Tip 2: Read your lease agreement carefully
Your lease agreement might have conditions that don't suit your needs and it's better to find that out before you sign on the dotted line, rather than after.
For example, some lease agreements ban tenants from letting their home out on Airbnb, owning any pets or hanging pictures on walls. You may also be required to mow lawns, allow frequent inspections or pay to have your home professionally cleaned when you leave.
Tip 3: Look at reviews for your real estate agent
Around a third of Australian households are renting – most of them without any issue at all. Unfortunately, as with anything, there are a few bad eggs. Whether you're going through an independent landlord or a real estate agent, always look for reviews online to see what experience other renters have had.
Remember, take comments with a pinch of salt. People are more likely to leave negative reviews than positive ones but if there are countless complaints and criticisms, it might be worth looking elsewhere.
Tip 4: Ask how maintenance and repairs will work
Your landlord or real estate agent is required to perform emergency repairs and non-urgent repairs within a reasonable time frame. They may have preferred service providers or a particular system for requesting repairs.
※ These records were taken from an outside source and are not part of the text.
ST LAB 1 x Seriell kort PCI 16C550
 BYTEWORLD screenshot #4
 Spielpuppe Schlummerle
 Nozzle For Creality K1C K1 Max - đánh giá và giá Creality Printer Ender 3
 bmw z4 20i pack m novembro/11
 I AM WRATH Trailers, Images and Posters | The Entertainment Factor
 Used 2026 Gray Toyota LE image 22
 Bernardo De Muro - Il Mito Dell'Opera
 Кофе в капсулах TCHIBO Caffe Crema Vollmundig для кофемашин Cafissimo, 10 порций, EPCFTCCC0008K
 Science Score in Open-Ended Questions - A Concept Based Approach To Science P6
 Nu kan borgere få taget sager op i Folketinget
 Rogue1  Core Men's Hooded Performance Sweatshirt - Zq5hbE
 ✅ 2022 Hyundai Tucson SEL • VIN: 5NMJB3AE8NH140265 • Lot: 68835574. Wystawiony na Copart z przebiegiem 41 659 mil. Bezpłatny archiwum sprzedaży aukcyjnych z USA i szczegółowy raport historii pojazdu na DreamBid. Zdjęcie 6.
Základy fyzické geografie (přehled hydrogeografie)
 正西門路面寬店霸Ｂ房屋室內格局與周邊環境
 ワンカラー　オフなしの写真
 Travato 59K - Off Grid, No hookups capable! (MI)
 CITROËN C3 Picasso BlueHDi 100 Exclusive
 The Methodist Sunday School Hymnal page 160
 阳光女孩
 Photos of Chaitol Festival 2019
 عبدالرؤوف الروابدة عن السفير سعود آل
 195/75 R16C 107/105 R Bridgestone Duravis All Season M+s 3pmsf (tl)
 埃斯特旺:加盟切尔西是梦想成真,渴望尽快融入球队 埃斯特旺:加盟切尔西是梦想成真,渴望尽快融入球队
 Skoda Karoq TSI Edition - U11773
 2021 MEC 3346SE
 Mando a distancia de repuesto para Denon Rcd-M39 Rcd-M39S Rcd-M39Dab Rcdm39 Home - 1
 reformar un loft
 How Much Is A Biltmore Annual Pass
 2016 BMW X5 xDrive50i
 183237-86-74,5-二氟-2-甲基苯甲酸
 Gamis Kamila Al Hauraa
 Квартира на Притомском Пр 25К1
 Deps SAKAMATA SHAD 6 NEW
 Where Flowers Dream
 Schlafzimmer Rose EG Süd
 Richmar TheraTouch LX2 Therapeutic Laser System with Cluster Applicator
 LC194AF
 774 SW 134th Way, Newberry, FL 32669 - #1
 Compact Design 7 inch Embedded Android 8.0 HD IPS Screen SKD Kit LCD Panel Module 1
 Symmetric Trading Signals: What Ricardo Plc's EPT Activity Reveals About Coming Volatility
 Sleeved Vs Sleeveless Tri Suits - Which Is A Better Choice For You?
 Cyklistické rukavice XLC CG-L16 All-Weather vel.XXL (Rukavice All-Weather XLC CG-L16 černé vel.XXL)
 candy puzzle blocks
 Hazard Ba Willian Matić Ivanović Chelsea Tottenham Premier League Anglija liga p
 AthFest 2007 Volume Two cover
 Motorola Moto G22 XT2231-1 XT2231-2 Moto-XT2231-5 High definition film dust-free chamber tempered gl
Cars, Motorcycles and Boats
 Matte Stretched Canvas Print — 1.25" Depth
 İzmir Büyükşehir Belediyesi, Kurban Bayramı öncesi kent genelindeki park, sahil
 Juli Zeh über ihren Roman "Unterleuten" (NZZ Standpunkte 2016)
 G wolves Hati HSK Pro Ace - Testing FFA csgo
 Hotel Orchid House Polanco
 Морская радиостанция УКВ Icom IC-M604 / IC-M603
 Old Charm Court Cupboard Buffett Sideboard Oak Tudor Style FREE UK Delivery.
Ask how all of this works before you move into the property. It's a good idea to know which numbers you should call in case of an emergency, so you'll have an easier time claiming money back, or may not have to pay anything at all.
Tip 5: Make sure your bond is being held fairly
Your bond should be held by a third party so you know it's safe. For example, in NSW, Rental Bonds Online is a free service provided by NSW Fair Trading for the lodgement, management and release of residential tenancy bonds.
Make sure your landlord or real estate agent is either using this service or a similar one so they don't have unfair access to your bond.
Tip 6: Complete the condition report – properly
When you move into your new place, you'll be given a condition report to fill in. It's very important that you do this thoroughly. This report is how you will prove you weren't responsible for certain marks or damage, since it was already there when you moved in.
Usually, you'll be given a deadline that you need to return it by. Make sure you get it back to your landlord or real estate agent before the deadline, otherwise it may not be valid.
Tip 7: Create an emergency rent fund
You never know what's going to happen. You might lose your job next week or suffer a sudden injury that keeps you off work for a while. If that happens, would you be able to pay your rent?
As soon as you start renting, you should seriously think about setting up an emergency fund that you could rely on for rent payments if you ever needed it. You can also look into income protection insurance or another form of life insurance that would pay out in the event of serious injury or illness.
Tip 8: Set up your utilities before you move in
You want to contact utilities providers at least one or two weeks before you move into your new home. That way, you can be sure you'll be connected for move-in day.
Remember to compare providers first. Don't just go with the company someone recommended, do your own research and see which one is right for you.
Tip 9: Check if your home is NBN ready
Use an address checker to see if your address is NBN ready. If it is, great. You can start comparing Internet providers and setting up a connection. If not, consider pre-ordering so you're front-of-queue when your area does get access.
Tip 10: Look into contents insurance
If you're a first time renter, you won't need home insurance because that protects the actual building that you live in – but you might seriously benefit from contents insurance.
Contents insurance can pay to replace or repair your things if they're accidentally damaged, destroyed or stolen. That could be something as simple as knocking your TV off its stand or something more serious like a burst water pipe destroying all your furniture.